=== Section Start ===

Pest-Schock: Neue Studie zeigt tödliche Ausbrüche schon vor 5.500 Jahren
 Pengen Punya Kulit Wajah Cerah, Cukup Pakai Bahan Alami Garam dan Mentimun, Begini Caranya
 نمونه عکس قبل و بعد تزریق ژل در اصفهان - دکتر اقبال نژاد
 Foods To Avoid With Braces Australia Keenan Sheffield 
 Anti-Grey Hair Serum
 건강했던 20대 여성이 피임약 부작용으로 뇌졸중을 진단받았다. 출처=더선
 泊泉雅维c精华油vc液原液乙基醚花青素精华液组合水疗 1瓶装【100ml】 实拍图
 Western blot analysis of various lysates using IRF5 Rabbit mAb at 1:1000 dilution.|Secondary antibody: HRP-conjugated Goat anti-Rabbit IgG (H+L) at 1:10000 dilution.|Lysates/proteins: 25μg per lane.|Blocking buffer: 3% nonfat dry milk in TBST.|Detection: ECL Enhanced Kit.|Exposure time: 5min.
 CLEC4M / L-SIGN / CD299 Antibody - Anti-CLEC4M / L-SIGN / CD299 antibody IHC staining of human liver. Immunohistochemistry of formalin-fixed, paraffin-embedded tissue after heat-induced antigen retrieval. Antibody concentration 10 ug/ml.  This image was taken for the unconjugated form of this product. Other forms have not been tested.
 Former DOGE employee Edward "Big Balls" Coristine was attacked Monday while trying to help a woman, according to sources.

=== Section End ===

> **Your assignment**:
Exactly as written, repeat the lines from the start of the listing through the line containing "泊泉雅维c精华油vc液原液乙基醚花青素精华液组合水疗 1瓶装【100ml】 实拍图", both included.

> **Reply to the task**:
Pest-Schock: Neue Studie zeigt tödliche Ausbrüche schon vor 5.500 Jahren
 Pengen Punya Kulit Wajah Cerah, Cukup Pakai Bahan Alami Garam dan Mentimun, Begini Caranya
 نمونه عکس قبل و بعد تزریق ژل در اصفهان - دکتر اقبال نژاد
 Foods To Avoid With Braces Australia Keenan Sheffield 
 Anti-Grey Hair Serum
 건강했던 20대 여성이 피임약 부작용으로 뇌졸중을 진단받았다. 출처=더선
 泊泉雅维c精华油vc液原液乙基醚花青素精华液组合水疗 1瓶装【100ml】 实拍图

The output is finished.